Les six employées de Convercité ont convié leurs clients à un 5 à 7, le mois dernier, dans leurs locaux du Mile-End, à Montréal, pour leur annoncer une grande nouvelle : le directeur général de l'entreprise, qui a quitté son poste l'été dernier, ne sera pas remplacé.
Un texte de Jérôme Labbé
Convercité est un organisme à but non lucratif (OBNL) qui a pour mission d'aider les décideurs politiques et économiques à consulter la population sur des enjeux de développement urbain dans un esprit d'inclusion, de transparence et d'ouverture.
C'est donc tout naturellement que ses employées ont envisagé un mode de « leadership partagé » pour pallier le départ de leur directeur général Daniel Malo, qui était en poste depuis 2001.

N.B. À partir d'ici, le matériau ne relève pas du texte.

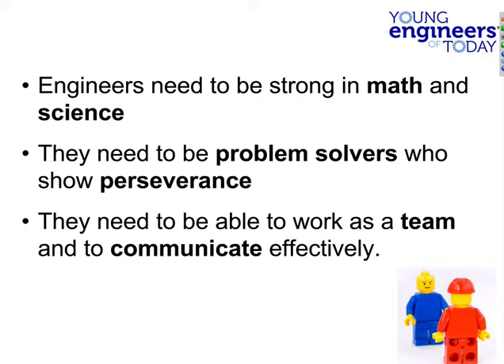Let me say that again: no engineer invents anything completely by themselves in a garage and then successfully commercializes it. One person might have most of the ideas, but they are going to be working with other people. If you go into programming or engineering, there's a very good chance you're going to be working with other people. My seniors right now are assembling a $25,000 CNC ShopBot for our school — that takes teamwork and effective communication.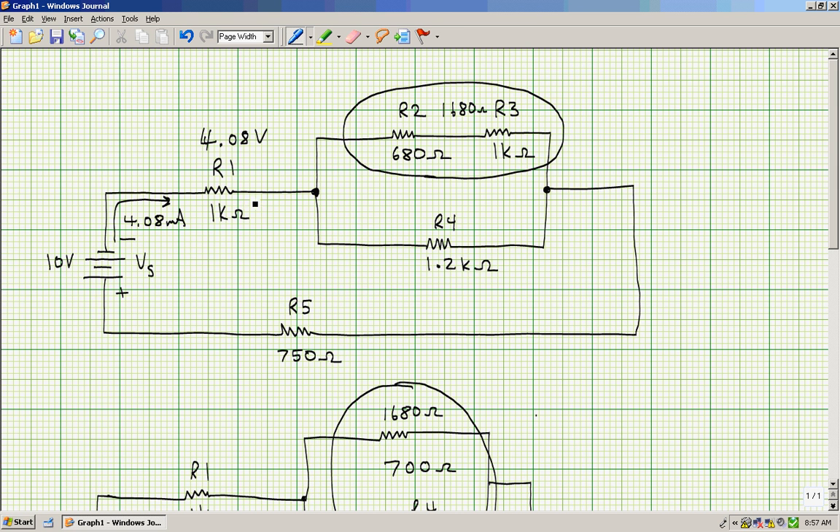The 4.08 milliamps, when it runs into this junction, is going to split — some current goes through R2 and R3, some through R4. Then it recombines at this junction per Kirchhoff's current law, and the total current continues into R5. So R5 is a series resistor. The voltage drop across R5 is I times R: 4.08 milliamps times 750 ohms, giving a voltage drop of 3.06 volts.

Le conseil d'administration n'a pas été difficile à convaincre. Son président, Pierre Paquin, travaille dans un grand cabinet d'avocats, où les associés sont aussi responsables mutuellement du bon déroulement des opérations.

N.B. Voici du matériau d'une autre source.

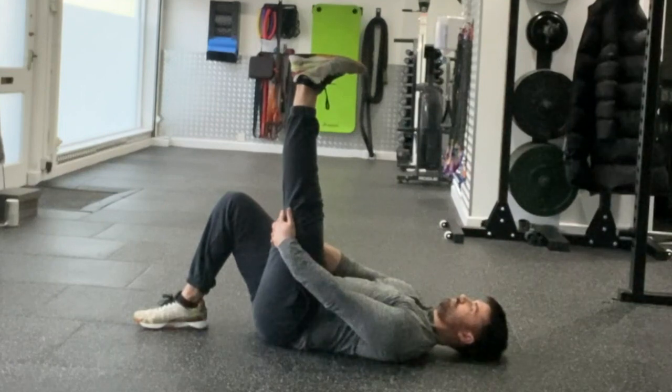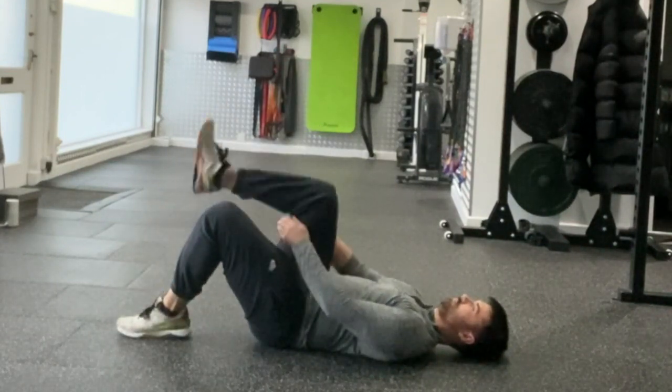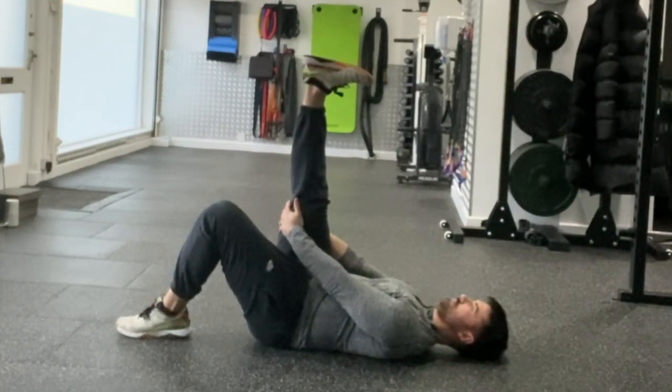Bend your knees and flatten your feet on the floor. Lift one knee towards your chest, straighten it out, and use your hands to pull it towards you. Look for a light stretch in your hamstring area. Hold this position for 10 seconds or as prescribed.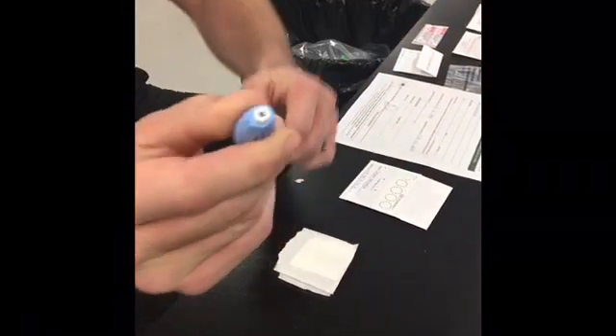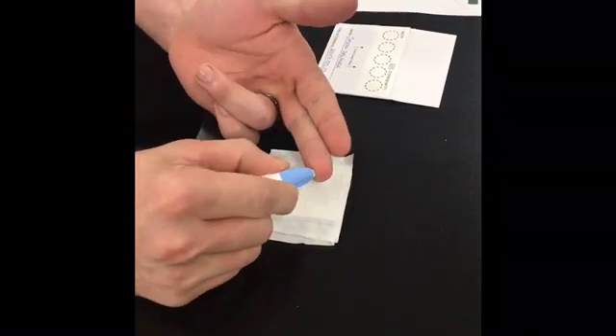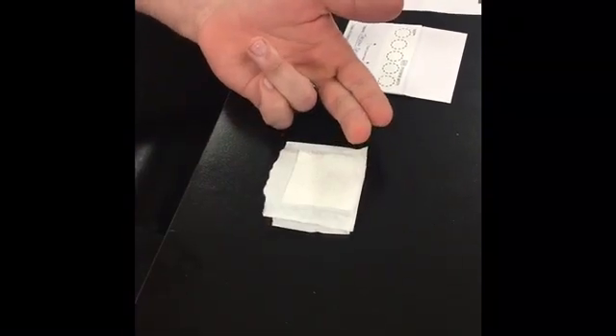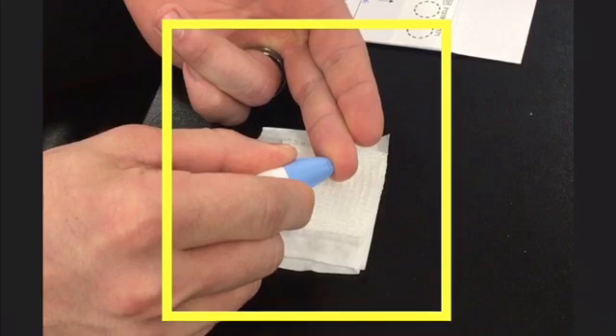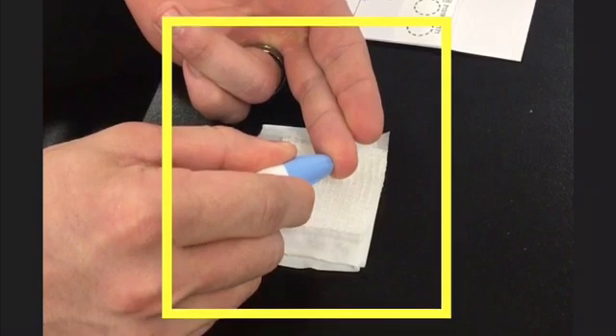Take the single-use lancet and remove the protective safety cap. Lay your hand palm side up on a hard surface. Place the tip of the lancet against the chosen, sterilized fingertip, off-center from the fingertip pad as pictured in the instructions. Press the lancet firmly against the site until it clicks to activate the puncture device.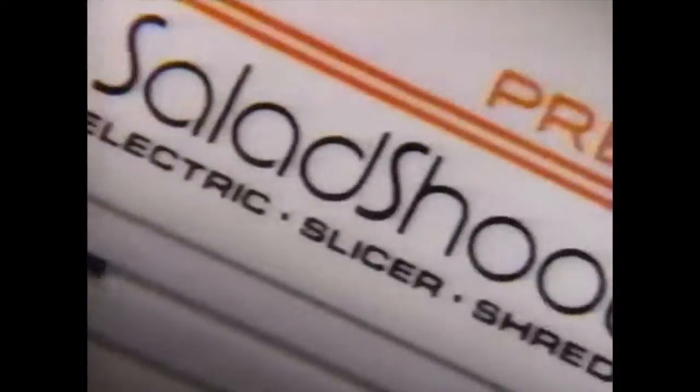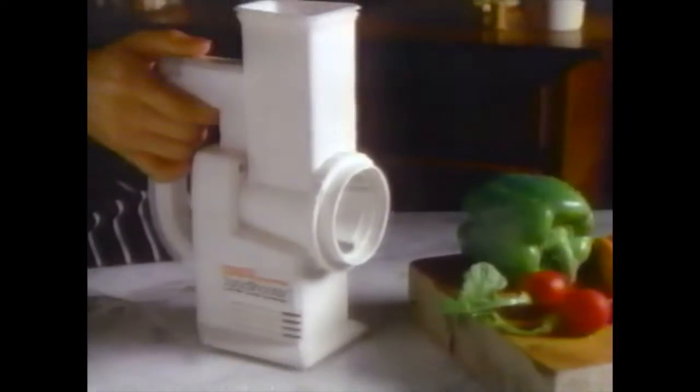Shoot it fast, shoot it neat, shoot it pretty. Pretty, pretty Salad Shooter. Presto Salad Shooter Slicer Shredder.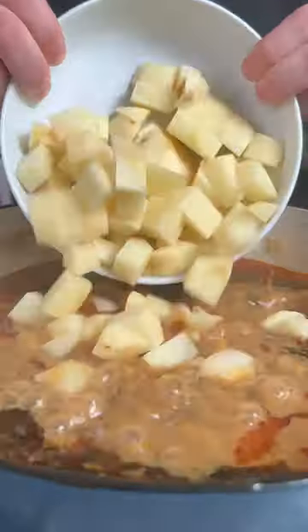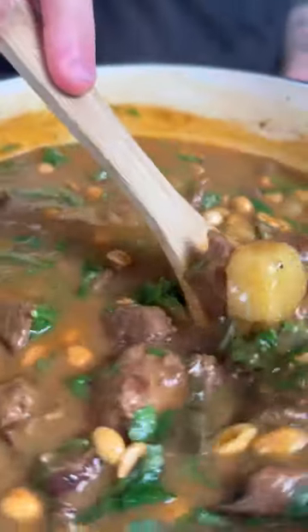After two hours we're gonna add some diced potatoes and let it continue to cook for another hour. We're gonna finish the curry with some coriander, fresh basil, and some roasted peanuts.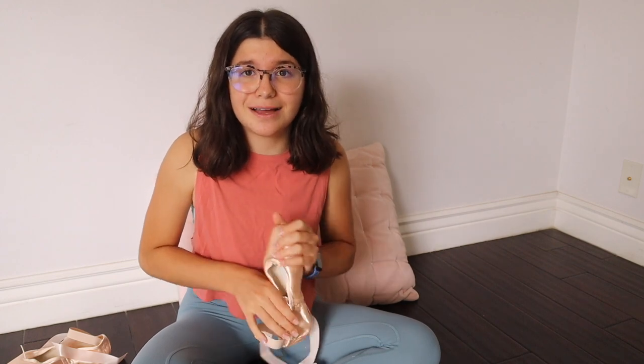Now let's break in these shoes. I've seen people bang them on things, but personally that scares me, so I'm just going to bend them.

« Convercité a toujours été une organisation à l'écoute, qui cherche à faire ressortir les grandes tendances, les grandes orientations de différents projets », explique-t-il. « Alors de travailler à une relation égalitaire plutôt que d'avoir une relation en forme de silo, je pense qu'il y a là une logique qui colle bien. »
Les employées de Convercité font maintenant partie d'un « comité de gestion participative », où les responsabilités ont été partagées en fonction des compétences et des intérêts de chacune.

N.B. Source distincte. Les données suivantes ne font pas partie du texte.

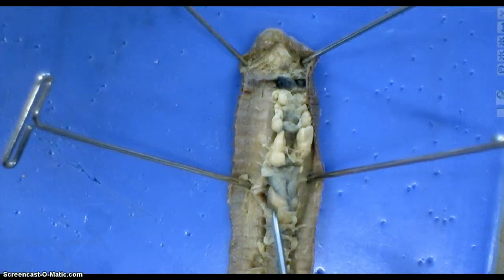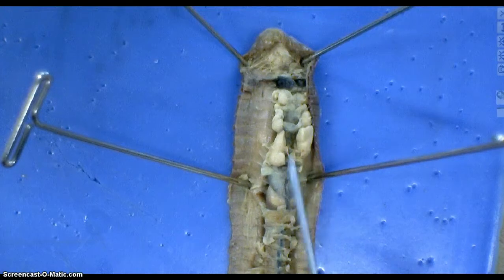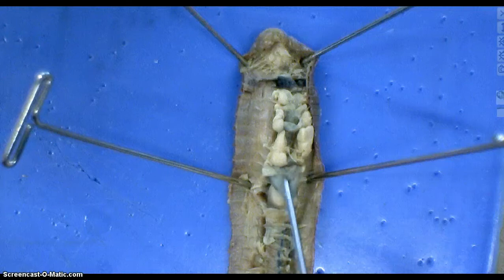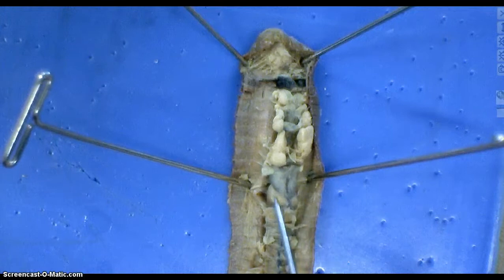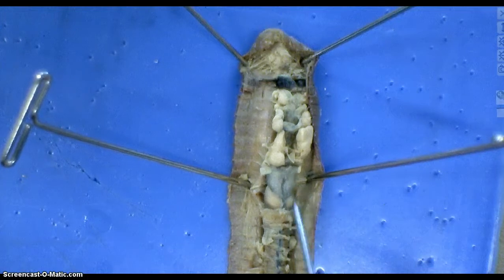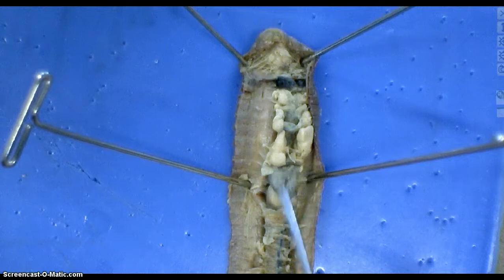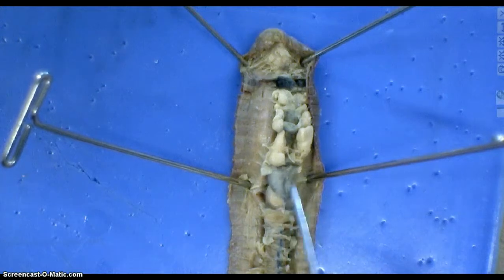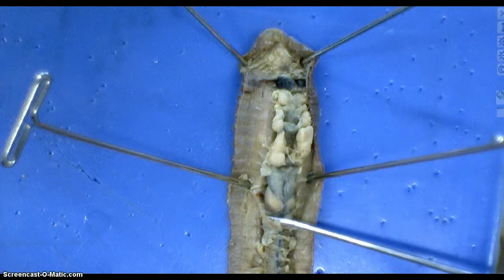You'll notice something different about these two structures here — it seems like all of a sudden the esophagus has gotten big. Well, sort of. These two structures are different: one is the crop and one is the gizzard. And if you're familiar with bird anatomy and what a gizzard is like — for those of you that like to eat gizzards — you should be able to tell by touching which one is a crop and which one is a gizzard. It's kind of amazing that they have the same function in a worm that they do in birds.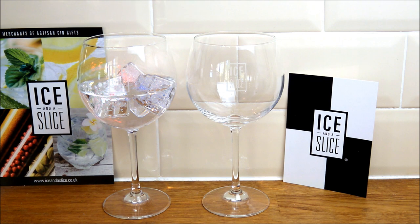So this is a really nice set. It's really nicely presented and the packaging was fantastic. We highly recommend this — it's the gift-boxed gin balloon glasses set from iceandaslice.co.uk.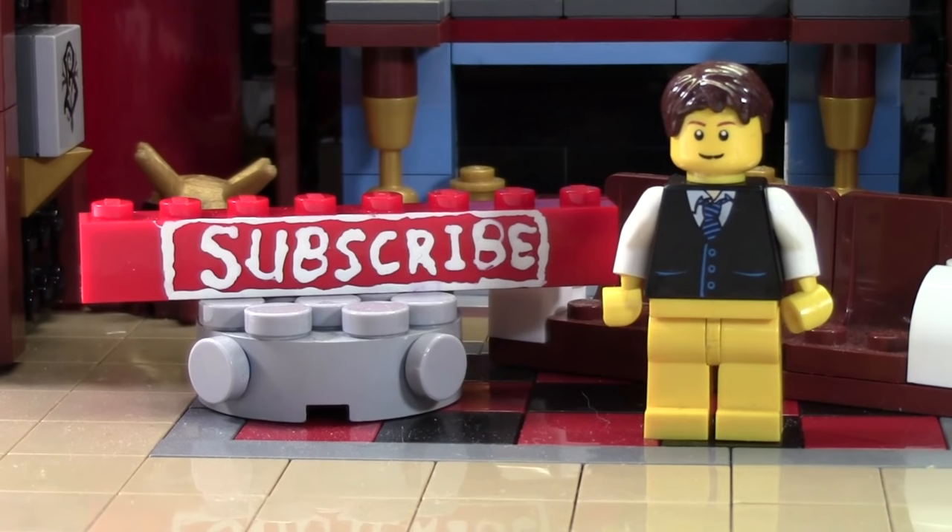Thanks so much for watching this BrickLover18 Lego video. If you enjoyed this video and want to subscribe for all Lego all the time, click the subscribe brick. If you want to see more of our previously uploaded Lego YouTube videos, check the cards — there's a playlist there containing all our videos. Head on over to BrickLover18.com where you'll find links to our Twitter, Instagram, and BrickPoint. Don't forget to leave a like and a comment, and subscribe if you haven't already. Thanks everybody for watching, and I hope you have a great day.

Gabrielle Immarigeon, par exemple, a hérité des communications et des relations publiques. « Ça fonctionne très très bien pour l'instant. Parce qu'il s'avère, par un très beau hasard, que nous avons des personnalités extrêmement compatibles. On s'entend bien. Qu'est-ce qui arrivera si l'une d'entre nous part ou si une nouvelle personne arrive? [...] On ne le sait pas. Ce n'est pas encore arrivé. Il faudra voir... Je pense que c'est important de garder en tête que c'est une démarche évolutive. »
Des clients à convaincre
Directeur général du Mouvement pour mettre fin à l'itinérance à Montréal, James McGregor a travaillé avec Convercité lors du dénombrement des personnes itinérantes à Montréal, l'été dernier. Il conçoit que certains clients comme lui risquent d'être sceptiques face à ce nouveau mode de gouvernance. « Je ne sais pas comment c'est structuré. Il va falloir que je me le fasse expliquer », admet-il.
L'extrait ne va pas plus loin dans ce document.